Marquis Daniels vs. Dwyane Wade

Games vs. Heat this year:

http://www.dasfda.com

Average Score:

Heat- 0
Pacers- 0

Prediction:

Pacers- 95
Heat- 94


----------



## MillerTime (Jul 6, 2003)

It's gonna be tuff to play on TNT against the Miami Heat who are sopposetly getting back Shaq, with a small roster and almost nobody on our bench. Bastan and Williams gonna need to be big but this is a flashback huh boys to the post-fight games?? LOL


----------



## Pacersthebest (Aug 6, 2005)

Can I finally watch a live game again from the Pacers and are we this shorthanded, bah.

Pacers- 92
Heat- 91


----------



## Gonzo (Oct 14, 2004)

Don't know about this one, but maybe we can pull it off.

Pacers 94
Heat 92


----------



## Knick Killer (Jul 16, 2006)

Well im not feelin a W for this one but it will be an interesting game. 104-99 Pacers


----------



## Auggie (Mar 7, 2004)

103 Pacers - 93 Heat


----------



## Grangerx33 (Mar 9, 2004)

I'm going to love this game. Heres why, we can finally see what Granger can do when really put under pressure. This is the first game in which he is going to need to carry a huge load of the points, and I'm excited to see it. Also excited to see what Marquis can do when he gets minutes. Pacers- 100 Heat- 95

Actually not sure if the Pacers can win this, but I ain't about to bet against my team. Also, if we do win, it should boost our players confidence knowing they can win without Harrington and Jackson.


----------



## MillerTime (Jul 6, 2003)

Auggie said:


> 103 Pacers - 93 Heat


i think it might be awhile before we see a 100 points again man. lol

That being said,

Pacers 84
Miami 79


----------



## IbizaXL (Sep 21, 2005)

i wasnt sure what your starting lineup was going to be after the trade...but ill go with what you guys posted.

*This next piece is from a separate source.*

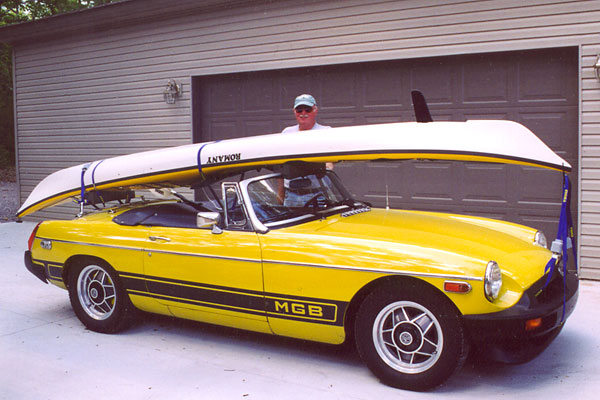 Jack Renaud with 1980 MGB and Nigel Dennis Romany kayak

the heat are finally looking healthy--and its by no coincidence they are playing better as well. i hope Shaq plays in this game:cheers:


----------



## Pacers Fan (Aug 25, 2002)

Gio305 said:


> i wasnt sure what your starting lineup was going to be after the trade...but ill go with what you guys posted.

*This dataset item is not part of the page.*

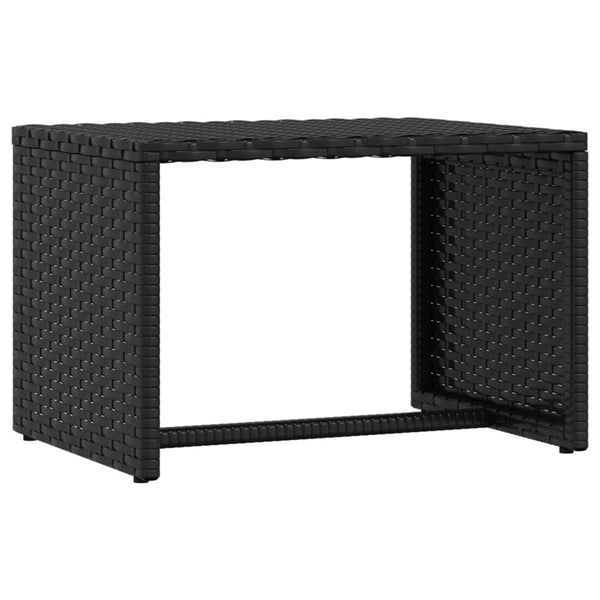 Schwarze Poly Rattan Sonnenliege mit Tisch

That's most likely going to be it, unless the players we traded for actually learn the offense and plays within a day.


----------



## Auggie (Mar 7, 2004)

Shaq wont be playing this game either:



> In the SUN-SENTINEL.COM, Ira Winderman writes "Heat coach Ron Rothstein said at this morning's shootaround at AmericanAirlines Arena that center Shaquille O'Neal will not play tonight against the Pacers or Friday against the 76ers."

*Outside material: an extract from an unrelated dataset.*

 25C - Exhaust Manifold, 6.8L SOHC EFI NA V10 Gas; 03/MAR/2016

http://www.nba.com/news/358652.html


----------



## Pacersthebest (Aug 6, 2005)

I'll always watch the Pacers live if it's on Dutch TV. So olso this time, too bad I can't see our new players, so I have to wait for a while 

EDIT: YESSSSS, 3rd of feb. - Indiana Pacers - LA Lakers, LIVE


----------



## Pacersthebest (Aug 6, 2005)

Our starters:


----------



## MillerTime (Jul 6, 2003)

I just got home from work, ordered a pizza, some buddies are over with some booze and we're ready to watch this game in HD!! Let's Go Pacers, i'll see everyone after the game.


----------



## Pacersthebest (Aug 6, 2005)

Wow, Greene to Baston and a huge dunk.

First quarter was oke!


----------



## Grangerx33 (Mar 9, 2004)

I really hope this trade opens the door for Greene, he is really a good player, if he had more expierience I think he could potentially take over as starter because of how he is built and his defense.


----------



## Grangerx33 (Mar 9, 2004)

Tinsley is single handedly ruining the game for us right now. I am one of Tins' biggest supporters, but since when does he consider himself a jump shooter? He's not even running the offense, he just runs down and shoots, about every other play.


----------



## MillerTime (Jul 6, 2003)

Tinsley is effing horrible. We get the ball, he doesn't pass but miss.... after a lucky bounce, we get the ball back, throw it in to Tinsley and that bum shoots it again without passing, of course missing it. WTF.


----------



## Grangerx33 (Mar 9, 2004)

The Pacers offensive stats this year are horrible. I knew they had to improve, but I didn't realize they were the bottom feeders of the league in terms of offense.


----------



## Grangerx33 (Mar 9, 2004)

This game is hard to watch. They arn't playing the slightest bit of defense. A College team could play better defense than that. On top of that, they have completed more passes to the Heat than to our own teammates. Tinsley is starting to get on my nerves. I've always loved him, but he needs to be a passer, not a shooter.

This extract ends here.